Shemyakin-Ovchinnikov Institute of Bioorganic Chemistry, Moscow, Russia.
Pirogov Russian National Research Medical University, Moscow, Russia.
PLoS Biol. 2019 Jun 13;17(6):e3000314. doi: 10.1371/journal.pbio.3000314. eCollection 2019 Jun.

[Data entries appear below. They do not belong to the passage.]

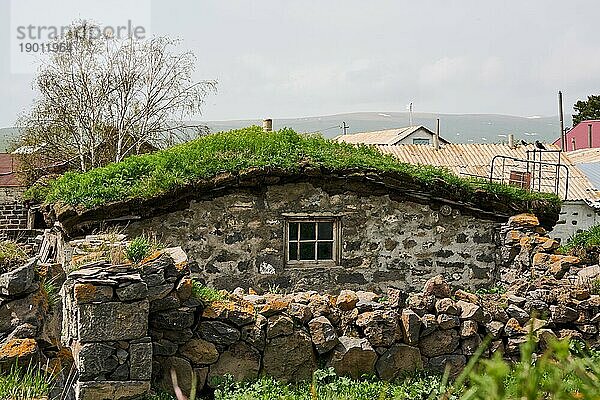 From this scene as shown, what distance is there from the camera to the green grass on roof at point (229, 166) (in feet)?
35.0

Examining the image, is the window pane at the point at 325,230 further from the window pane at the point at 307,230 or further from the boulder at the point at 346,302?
the boulder at the point at 346,302

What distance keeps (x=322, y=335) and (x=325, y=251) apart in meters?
4.22

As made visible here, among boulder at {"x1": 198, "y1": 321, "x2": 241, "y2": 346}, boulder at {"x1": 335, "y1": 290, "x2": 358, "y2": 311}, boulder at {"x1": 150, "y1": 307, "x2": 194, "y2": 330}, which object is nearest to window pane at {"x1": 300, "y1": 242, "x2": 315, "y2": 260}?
boulder at {"x1": 335, "y1": 290, "x2": 358, "y2": 311}

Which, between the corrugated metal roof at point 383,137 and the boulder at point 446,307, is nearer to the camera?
the boulder at point 446,307

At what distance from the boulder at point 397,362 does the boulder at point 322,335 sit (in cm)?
50

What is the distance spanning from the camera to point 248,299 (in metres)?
7.56

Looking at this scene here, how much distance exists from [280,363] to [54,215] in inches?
216

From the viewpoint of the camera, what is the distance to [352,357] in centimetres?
735

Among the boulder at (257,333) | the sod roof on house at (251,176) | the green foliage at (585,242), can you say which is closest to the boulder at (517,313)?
the boulder at (257,333)

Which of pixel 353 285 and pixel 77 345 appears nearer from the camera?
pixel 77 345

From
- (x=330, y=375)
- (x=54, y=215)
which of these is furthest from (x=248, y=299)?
(x=54, y=215)

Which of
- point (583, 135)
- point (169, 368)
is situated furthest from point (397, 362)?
point (583, 135)

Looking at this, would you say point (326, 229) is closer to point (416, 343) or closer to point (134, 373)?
point (416, 343)

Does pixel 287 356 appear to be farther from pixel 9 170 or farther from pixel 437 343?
pixel 9 170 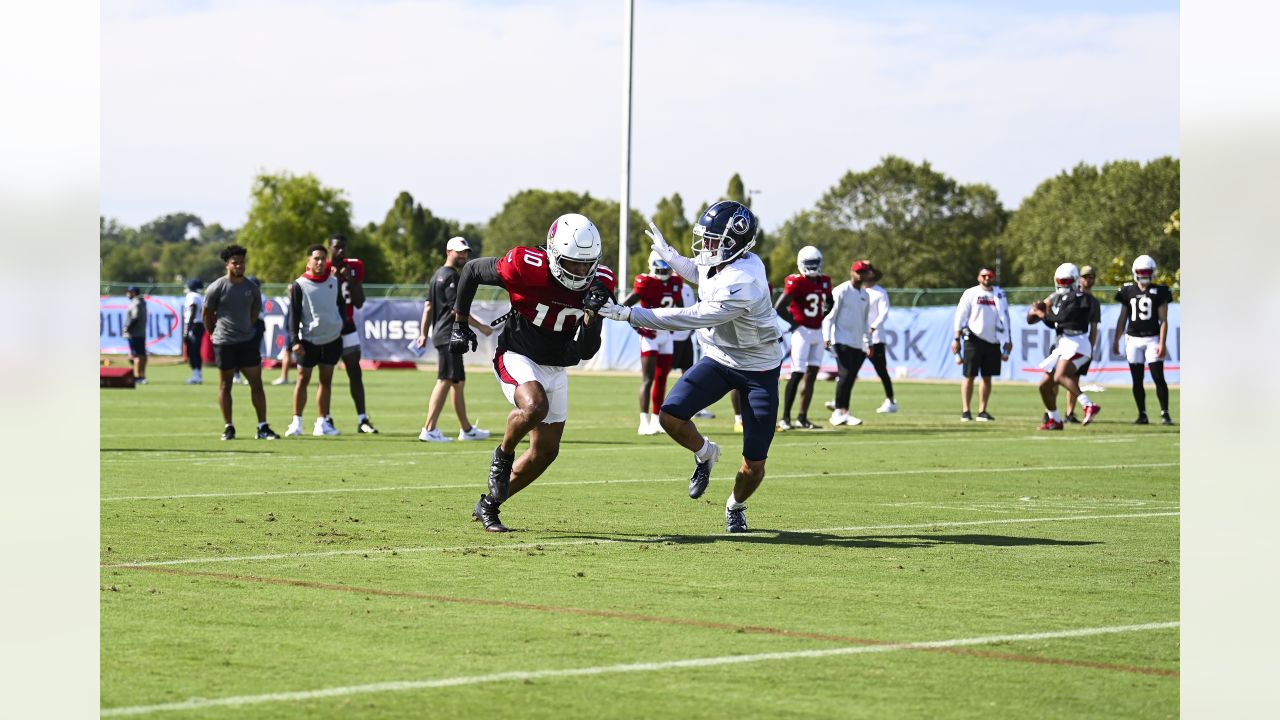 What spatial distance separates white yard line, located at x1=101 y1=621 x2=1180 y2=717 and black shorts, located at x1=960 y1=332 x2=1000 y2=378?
16082 mm

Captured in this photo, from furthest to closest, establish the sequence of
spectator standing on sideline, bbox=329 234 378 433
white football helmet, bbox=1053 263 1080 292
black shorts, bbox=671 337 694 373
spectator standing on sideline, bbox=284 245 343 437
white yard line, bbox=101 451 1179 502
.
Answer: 1. black shorts, bbox=671 337 694 373
2. white football helmet, bbox=1053 263 1080 292
3. spectator standing on sideline, bbox=329 234 378 433
4. spectator standing on sideline, bbox=284 245 343 437
5. white yard line, bbox=101 451 1179 502

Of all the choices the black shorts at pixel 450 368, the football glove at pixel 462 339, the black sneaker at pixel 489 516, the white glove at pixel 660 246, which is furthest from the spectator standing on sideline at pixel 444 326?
the black sneaker at pixel 489 516

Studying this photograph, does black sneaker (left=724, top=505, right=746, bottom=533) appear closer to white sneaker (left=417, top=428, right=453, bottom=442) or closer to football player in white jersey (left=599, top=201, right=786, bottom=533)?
football player in white jersey (left=599, top=201, right=786, bottom=533)

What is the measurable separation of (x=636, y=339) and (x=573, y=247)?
3655 cm

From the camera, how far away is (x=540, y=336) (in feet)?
35.3

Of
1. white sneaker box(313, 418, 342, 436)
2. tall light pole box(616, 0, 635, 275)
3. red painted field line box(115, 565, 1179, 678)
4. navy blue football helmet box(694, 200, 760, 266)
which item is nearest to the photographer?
red painted field line box(115, 565, 1179, 678)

Hypervariable T cell receptors (TCRs) play a key role in adaptive immunity, recognizing a vast diversity of pathogen-derived antigens. Our ability to extract clinically relevant information from large high-throughput sequencing of TCR repertoires (RepSeq) data is limited, because little is known about TCR-disease associations. We present Antigen-specific Lymphocyte Identification by Clustering of Expanded sequences (ALICE), a statistical approach that identifies TCR sequences actively involved in current immune responses from a single RepSeq sample and apply it to repertoires of patients with a variety of disorders - patients with autoimmune disease (ankylosing spondylitis [AS]), under cancer immunotherapy, or subject to an acute infection (live yellow fever [YF] vaccine). We validate the method with independent assays. ALICE requires no longitudinal data collection nor large cohorts, and it is directly applicable to most RepSeq datasets. Its results facilitate the identification of TCR variants associated with diseases and conditions, which can be used for diagnostics and rational vaccine design.
高变区 T 细胞受体 (TCRs) 在适应性免疫中发挥着关键作用,能够识别广泛多样的病原体衍生抗原。我们从大规模高通量 TCR 库测序 (RepSeq) 数据中提取临床相关信息的能力有限,因为我们对 TCR-疾病关联知之甚少。我们提出了通过扩展序列聚类识别抗原特异性淋巴细胞的方法 (ALICE),这是一种统计方法,可以从单个 RepSeq 样本中识别当前免疫反应中活跃的 TCR 序列,并将其应用于多种疾病患者的库中——自身免疫性疾病患者(强直性脊柱炎 [AS])、接受癌症免疫治疗的患者或受到急性感染(活黄热病 [YF] 疫苗)的患者。我们用独立的检测方法验证了该方法。ALICE 不需要进行纵向数据收集或大样本量,并且可以直接应用于大多数 RepSeq 数据集。其结果有助于识别与疾病相关的 TCR 变体,可用于诊断和合理的疫苗设计。